“Equipo Navazos: The Secret Society of Sherry”
Equipo Navazos turned forgotten barrels in Andalusia into cult wines. Since 2005, their “La Bota” series has bottled Sherry’s rarest treasures with honesty and rebellion, transforming a fading tradition into a global phenomenon.
From dusty bodegas to cult status, Equipo Navazos transformed forgotten barrels into Spain’s most daring liquid revelations.
The Beginning: A Whisper Among Friends
Not all revolutions start with banners and fanfare. Some begin with a whisper, a dusty cellar, and a stolen taste of something extraordinary.

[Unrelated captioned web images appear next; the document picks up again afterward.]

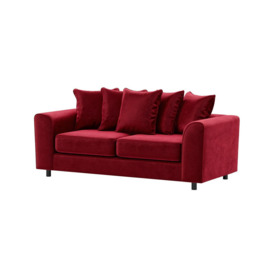 Dillon Velvet 3 Seater Sofa, dark red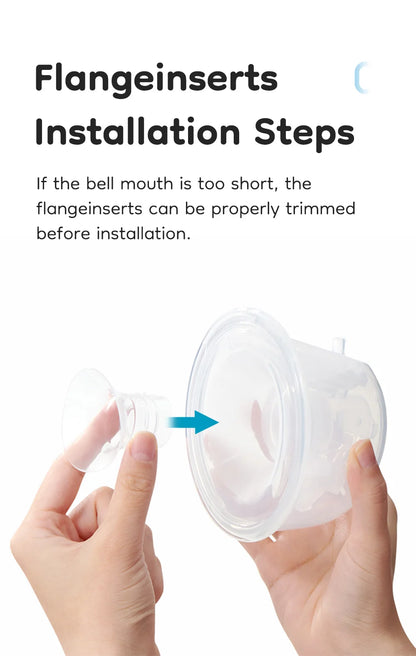 Hands holding a flangeinsert and a container with text about installation steps.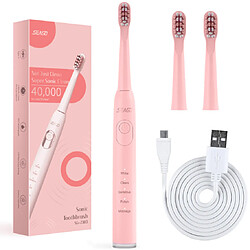 Brosse à dents sonique Seago SG-2303 Pink 40 000 tours Smart Brosse à dents à ultrasons 5 modes 700mAh Li-ion couleur rose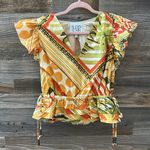 Aldean Adair Marina Top in Desert Patch Size Small NWT Orange Photo 3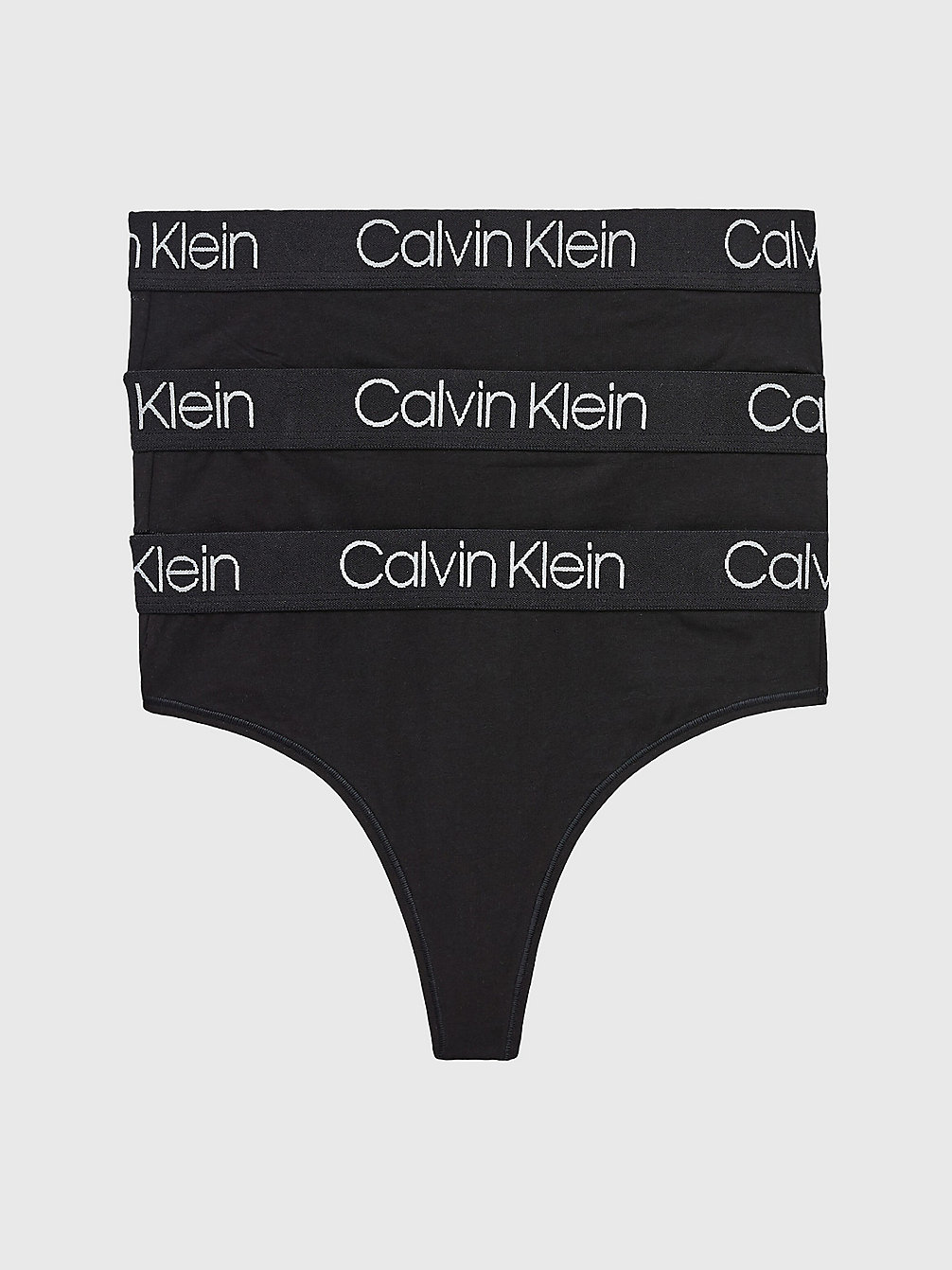 BLACK/BLACK/BLACK 3 Pack High Waisted Thongs - Body undefined women Calvin Klein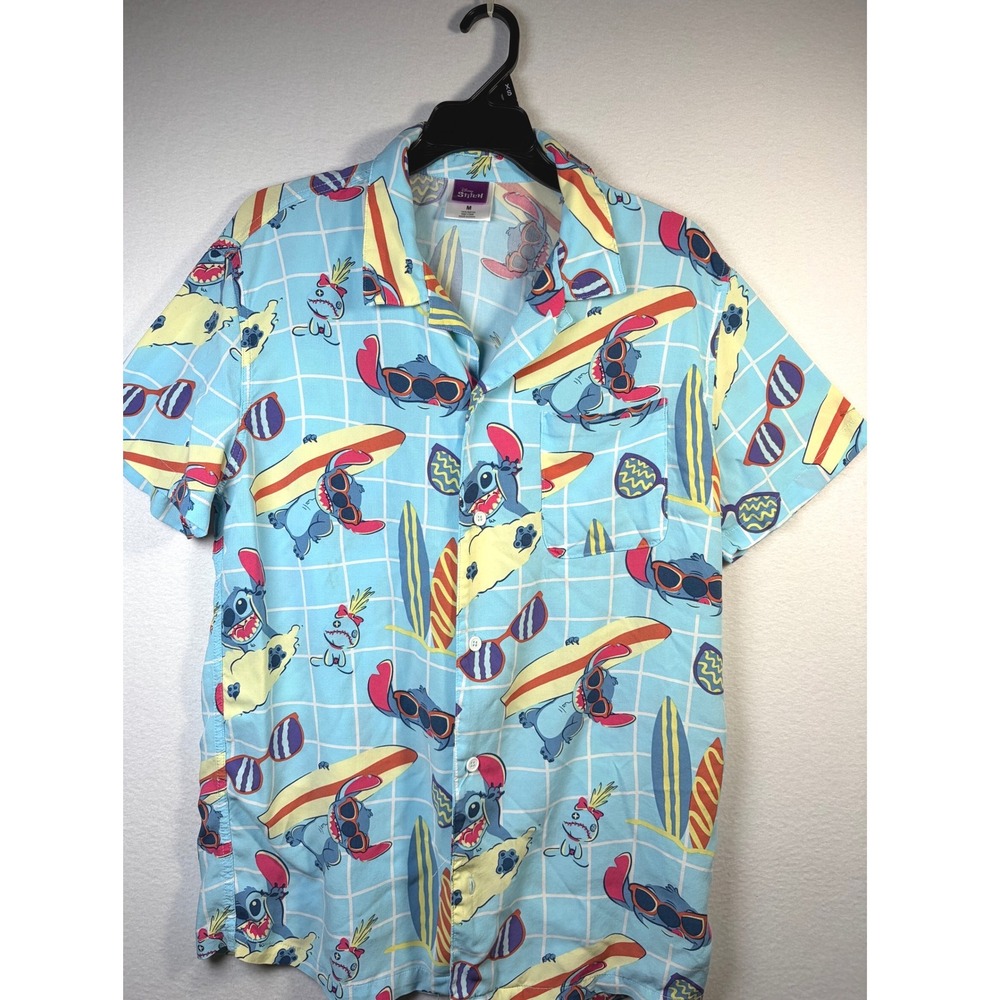 Disney Stitch Button Up Mens Medium Blue Aloha Surfing Rayon Aloha Shirt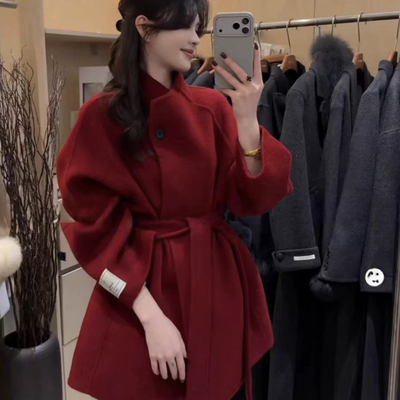 一善系高级感宽松百搭慵懒系带羊毛外套(配腰带)(含70羊毛)y2502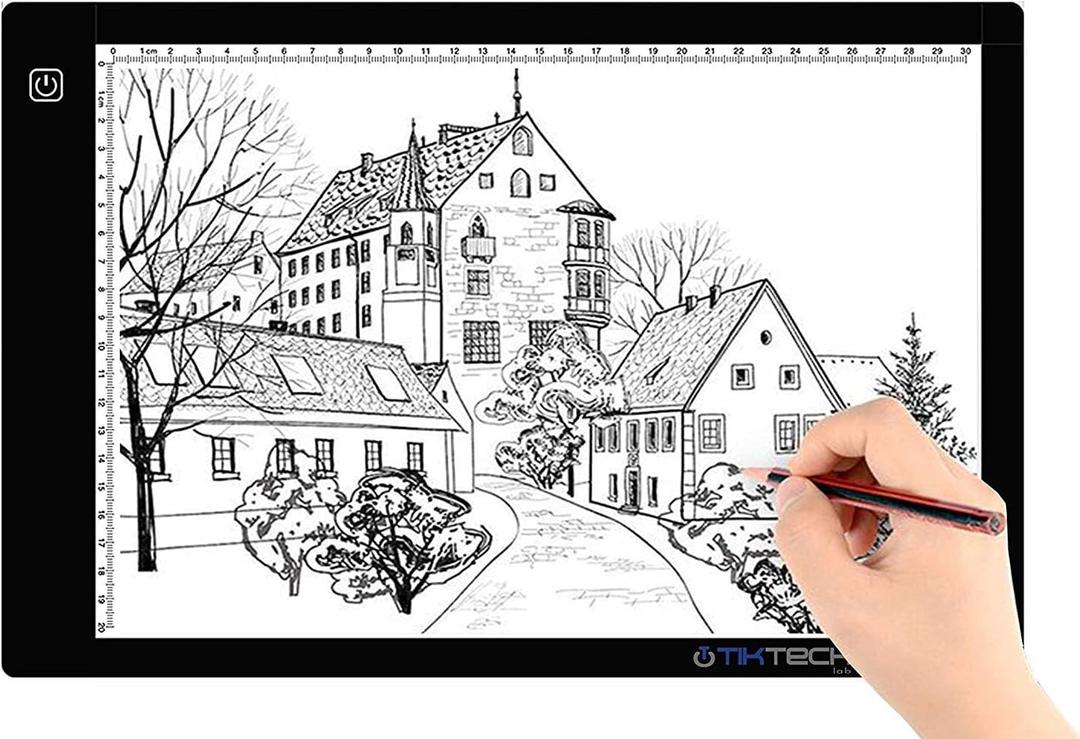 A4 Ultra-Thin Portable LED tracing Light Box Dimmable Brightness LED Art Tracing Pad for Artist Drawing Sketching Animation Stencilling and 5d Diamond Painting (Black, A4)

In 2005, two friends — Jesús Barquín, a professor and sherry obsessive, and Eduardo Ojeda, technical director at Grupo Estévez — stumbled upon a forgotten treasure: a cask of Amontillado hidden in the depths of a Sanlúcar bodega. It was liquid history, intense and singular, a wine meant for no one and everyone.
They bottled it — not for the market, but for friends. La Bota de Amontillado No. 1 was born. A private gesture, a secret handshake. But secrets of this magnitude never stay quiet.
The Concept: Sherry Without Compromise
Equipo Navazos (literally “the Navazos Team”) became a project built on one radical principle: seek out the best forgotten barrels in Andalusia and bottle them with honesty, not apology.
Their approach broke every mold:
- Single Casks or Small Lots: Instead of blending for consistency, they highlighted uniqueness.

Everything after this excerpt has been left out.